Life’s Arc on One Bench

On what should have been a very short subway ride yesterday morning from the Lower East Side of Manhattan to the Dumbo area of Brooklyn with my friend and cohort member K., we stood in front of a seated elderly woman, who was looking down at her lap. She was tiny, the bones in her face delicate, her skin thin and wrinkled, her shoe tips barely touching the floor beneath her seat. Her haircut’s gray bangs and bob peaked out from under her warm knit hat, and she balanced a stack of blank, white, 8-1/2” x 11” papers on her knees, on the top one of which she was writing in a tight, small script with an old-school, gold-trimmed, refillable ballpoint pen. I have a lot of practice reading script—as a former middle- and high-school English teacher that included the era that pre-dated students carrying laptops everywhere and submitting their typed work online—and I also practiced reading script upside down when I was myself a middle- and high-school student. All that is to confess with some context that I glanced down at her writing long enough—and, I hope, surreptitiously enough—to determine that she was writing either a finely detailed short story or a vignette from her own life, a past moment captured in the present, during a train car full of morning commuters. K. and I are in a research cluster together where we examine the issues of feminine aging—ways in which time, memory, and the body intersect and separate, as well as our lived experiences with these processes—and we agreed that the universe had offered us a glimpse, a resonant portrait of this woman, only made possible because we had overshot our intended stop and needed to switch underground directions.

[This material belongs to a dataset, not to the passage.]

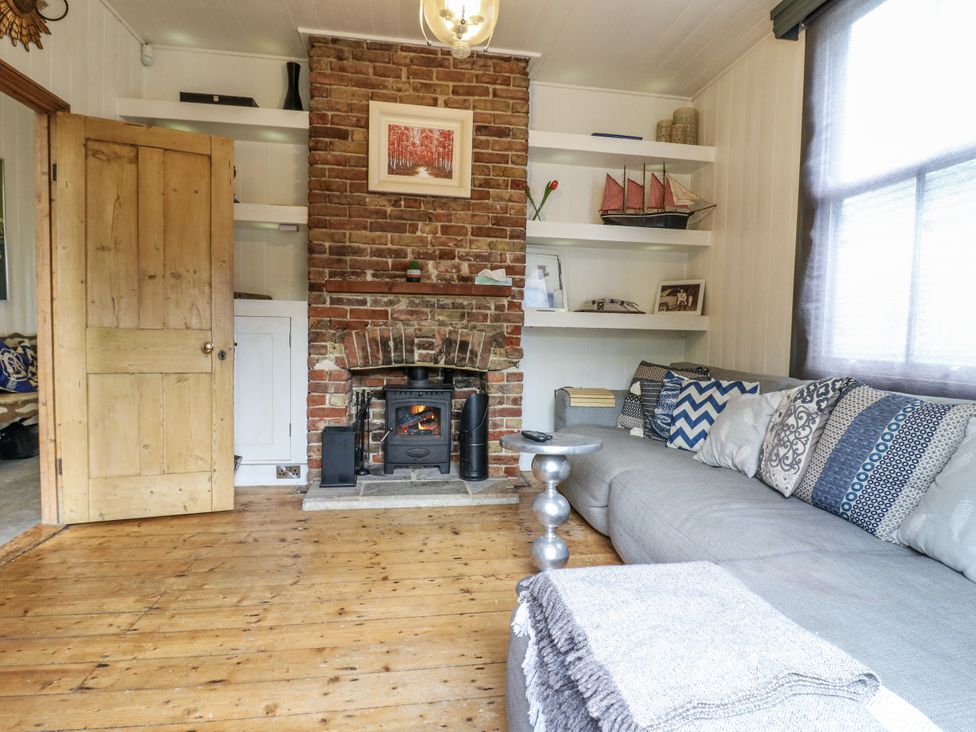 A living room with a fireplace and shelves at 14 Marine Terrace in Whitstable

As the train slowed to a stop at our actual destination and K. and I prepared to disembark, we stood briefly in front of a mother and her young toddler daughter at the other end of the same bench on the train. The pre-verbal little girl sat on her diaper-padded seat, legs and feet almost entirely horizontal in front of her, clothed in walk-training shoes, pink sweatpants, a puffy jacket, a hand-crocheted and brightly colored patterned scarf, and a knit hat pulled down over her silky, dark curls to her wide-open, brown eyes. With all the curiosity and trust of a well-loved and -cared for child, she stared into my eyes, held her gaze, and smiled, and her mother giggled as I complimented her daughter’s pants and scarf, all the colors, all the delight. And there it was: One person nearer the end of life’s journey; the other person near the beginning of the journey; the two arranged on opposite ends of the bench to illustrate our contemplations; K. and I mostly feeling somewhere in the middle, but actually (if math and statistics hold) closer to the end and much closer in age to our older sister than to one of our youngest ones.